I appreciate your taking note of it. That’s more than Political Wire is doing.
ducdebrabant:
While I don’t necessarily share your less-than-happy assessment of what Barack Obama will do as president, I do share your anguish about the underside of last night’s results. The Prop 8 win was a shock (check out the county-by-county numbers at the LA Times site to see the very limited areas in which it lost), and the Florida initiative was even worse, since it required so large a vote.
We intend to do some analysis on this subject at TDS, with the goal of helping break the back of state-sponsored homophobia in the future. That’s a very small contribution to a big challenge, but we must all do what we can, or every celebration will leave someone on the sidelines, unable to join in.
Thanks for the comment.
Ed Kilgore
At the same time they embraced a black man, voters all over America punished and persecuted gay men and lesbians.
An Obama administration intent on consensus, determined to achieve legislative victories not by majorities of 60 but by majoriities of 80 and 85 in the Senate, cannot be expected to do much for them. The value of the new Democratic majorities will be measured mainly in what they will not do. No Constitutional amendment targeting homosexuals, for example.
And should the Congress bother (in these trying times) to re-enact employment non-discrimination, or add gays and lesbians to hate crimes legislation, Obama will presumably sign the bill. We can expect the White House to issue another executive order forbidding discrimination in the civil service. Gay men and lesbians in the military can probably sit and stew for the next four years unless they roll legislation ending Don’t Ask, Don’t Tell by their own efforts. Obama may not hinder it, but he won’t expend political capital in his first term to help them.

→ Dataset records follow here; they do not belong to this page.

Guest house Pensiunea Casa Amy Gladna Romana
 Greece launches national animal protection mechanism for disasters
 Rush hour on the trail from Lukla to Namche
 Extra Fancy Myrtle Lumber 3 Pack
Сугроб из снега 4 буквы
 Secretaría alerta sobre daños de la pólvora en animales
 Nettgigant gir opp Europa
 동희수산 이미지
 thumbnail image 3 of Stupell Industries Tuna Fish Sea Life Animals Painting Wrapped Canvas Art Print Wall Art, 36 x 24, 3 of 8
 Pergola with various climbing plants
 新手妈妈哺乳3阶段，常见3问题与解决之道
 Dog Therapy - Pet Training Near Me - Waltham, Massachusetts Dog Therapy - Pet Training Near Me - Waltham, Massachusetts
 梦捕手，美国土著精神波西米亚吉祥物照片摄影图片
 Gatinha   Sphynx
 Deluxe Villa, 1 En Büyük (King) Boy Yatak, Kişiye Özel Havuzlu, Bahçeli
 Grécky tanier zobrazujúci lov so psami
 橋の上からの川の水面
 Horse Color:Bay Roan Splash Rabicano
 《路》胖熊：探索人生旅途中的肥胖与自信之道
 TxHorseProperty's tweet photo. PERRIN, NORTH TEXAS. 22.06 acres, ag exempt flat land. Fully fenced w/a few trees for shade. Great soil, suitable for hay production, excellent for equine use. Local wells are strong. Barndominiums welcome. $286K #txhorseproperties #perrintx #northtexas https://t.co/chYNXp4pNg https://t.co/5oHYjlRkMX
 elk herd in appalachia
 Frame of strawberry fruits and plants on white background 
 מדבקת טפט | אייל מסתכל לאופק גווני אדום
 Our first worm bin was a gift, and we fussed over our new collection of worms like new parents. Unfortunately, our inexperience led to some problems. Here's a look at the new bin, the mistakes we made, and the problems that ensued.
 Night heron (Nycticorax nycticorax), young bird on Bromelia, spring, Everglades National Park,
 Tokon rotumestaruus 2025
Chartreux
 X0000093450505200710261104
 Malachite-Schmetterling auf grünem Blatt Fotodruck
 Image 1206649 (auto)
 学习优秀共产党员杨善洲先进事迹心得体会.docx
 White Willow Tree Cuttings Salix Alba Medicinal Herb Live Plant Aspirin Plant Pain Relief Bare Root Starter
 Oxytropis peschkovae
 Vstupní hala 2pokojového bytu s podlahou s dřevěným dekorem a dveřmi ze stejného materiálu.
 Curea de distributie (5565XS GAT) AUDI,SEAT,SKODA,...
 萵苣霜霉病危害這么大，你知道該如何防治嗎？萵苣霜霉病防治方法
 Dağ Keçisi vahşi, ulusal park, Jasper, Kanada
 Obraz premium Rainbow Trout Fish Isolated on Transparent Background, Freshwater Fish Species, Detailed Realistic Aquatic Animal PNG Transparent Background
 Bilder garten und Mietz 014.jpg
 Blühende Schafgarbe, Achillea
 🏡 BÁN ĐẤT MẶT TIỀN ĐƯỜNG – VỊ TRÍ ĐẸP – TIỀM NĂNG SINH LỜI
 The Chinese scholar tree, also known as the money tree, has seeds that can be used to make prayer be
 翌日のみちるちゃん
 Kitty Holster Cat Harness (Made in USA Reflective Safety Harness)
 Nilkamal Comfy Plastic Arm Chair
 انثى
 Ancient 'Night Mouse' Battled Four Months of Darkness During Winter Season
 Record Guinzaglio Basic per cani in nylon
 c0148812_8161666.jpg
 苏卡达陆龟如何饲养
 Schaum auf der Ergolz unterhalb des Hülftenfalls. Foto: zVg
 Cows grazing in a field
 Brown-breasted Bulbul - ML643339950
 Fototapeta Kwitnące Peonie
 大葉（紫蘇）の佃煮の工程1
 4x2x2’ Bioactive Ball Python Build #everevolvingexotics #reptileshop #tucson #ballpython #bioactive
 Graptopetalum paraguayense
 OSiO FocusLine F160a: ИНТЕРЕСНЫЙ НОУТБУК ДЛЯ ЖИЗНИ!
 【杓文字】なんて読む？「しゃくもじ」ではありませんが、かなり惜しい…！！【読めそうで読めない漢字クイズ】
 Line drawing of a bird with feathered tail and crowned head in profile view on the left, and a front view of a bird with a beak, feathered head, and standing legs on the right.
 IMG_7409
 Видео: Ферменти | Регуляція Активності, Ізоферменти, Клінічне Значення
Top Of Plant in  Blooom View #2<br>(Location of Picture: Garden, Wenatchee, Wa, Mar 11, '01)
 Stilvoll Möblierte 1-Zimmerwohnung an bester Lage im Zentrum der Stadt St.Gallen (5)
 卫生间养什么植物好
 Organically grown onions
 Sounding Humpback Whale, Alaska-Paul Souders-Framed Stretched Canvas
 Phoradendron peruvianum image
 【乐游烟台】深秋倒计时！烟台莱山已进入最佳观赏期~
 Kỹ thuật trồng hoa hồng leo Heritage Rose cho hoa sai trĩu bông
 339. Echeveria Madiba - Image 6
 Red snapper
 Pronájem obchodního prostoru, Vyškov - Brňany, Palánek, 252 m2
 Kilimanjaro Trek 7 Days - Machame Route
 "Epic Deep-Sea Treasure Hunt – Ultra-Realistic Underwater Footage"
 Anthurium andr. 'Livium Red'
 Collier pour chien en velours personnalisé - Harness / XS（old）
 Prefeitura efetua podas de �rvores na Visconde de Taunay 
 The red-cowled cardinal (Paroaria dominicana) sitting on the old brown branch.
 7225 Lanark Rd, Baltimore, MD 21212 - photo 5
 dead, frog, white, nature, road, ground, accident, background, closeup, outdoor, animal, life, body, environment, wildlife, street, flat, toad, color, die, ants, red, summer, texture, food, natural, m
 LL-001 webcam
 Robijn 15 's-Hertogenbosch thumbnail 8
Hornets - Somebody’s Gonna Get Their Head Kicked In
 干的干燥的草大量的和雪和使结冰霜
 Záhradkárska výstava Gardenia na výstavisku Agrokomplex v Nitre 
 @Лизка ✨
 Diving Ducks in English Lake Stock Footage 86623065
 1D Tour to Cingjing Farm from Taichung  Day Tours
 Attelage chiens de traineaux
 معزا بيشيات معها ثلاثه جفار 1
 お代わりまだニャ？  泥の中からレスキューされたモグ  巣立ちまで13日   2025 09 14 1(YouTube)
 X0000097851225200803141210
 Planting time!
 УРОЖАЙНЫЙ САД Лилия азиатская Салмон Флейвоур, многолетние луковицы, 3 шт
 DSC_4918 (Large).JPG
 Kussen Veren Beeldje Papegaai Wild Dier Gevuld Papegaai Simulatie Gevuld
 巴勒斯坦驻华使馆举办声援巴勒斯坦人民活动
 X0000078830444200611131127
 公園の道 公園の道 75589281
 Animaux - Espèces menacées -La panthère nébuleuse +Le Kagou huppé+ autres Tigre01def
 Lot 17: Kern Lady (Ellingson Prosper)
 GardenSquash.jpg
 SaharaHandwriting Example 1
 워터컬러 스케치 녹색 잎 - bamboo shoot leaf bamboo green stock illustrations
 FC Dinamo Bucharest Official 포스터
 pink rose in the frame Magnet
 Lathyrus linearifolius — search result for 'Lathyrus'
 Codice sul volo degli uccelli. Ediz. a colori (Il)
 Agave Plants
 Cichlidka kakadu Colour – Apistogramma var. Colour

This centrist administration will make mostly symbolic gestures and get out of the way of the determined advocates of gay and lesbian equality, but it won’t be a determined advocate, or much of an advocate, at all. I accept that. It’s better than the last 8 years, that’s for sure.
But they’re hunting us in California, they’re hunting us in Arkansas, they’re hunting us in Florida, they’re hunting us in Arizona. The most we’ll get from the White House to protect us from the states is a cup of tea and a kind word.
All this election has done for gay people is de-federalize an assault on our citizenship and liberties and return it to the states. This should have been a happy day for all Americans. For some of us, it isn’t altogether that.
In no state where attacks on gays and lesbians were on the ballot did kindness, generosity, or even good sense prevail. America didn’t give up hating this year. It just decided to transfer its loathing from a race to a sexual minority.
Obama’s generation of black men and women may indeed be the Joshua Generation, seeing the Promised Land, but Obama is not even the Moses, let alone the Joshua, of gay men and women and their struggle. Perhaps we have no right to expect that. Perhaps he has enough on his plate.
But if not this President’s plate, then whose? We gay men and lesbians have stood at the threshold of the Promised Land for generations now. Who knows when we will see it? Perhaps when Barney Frank becomes President?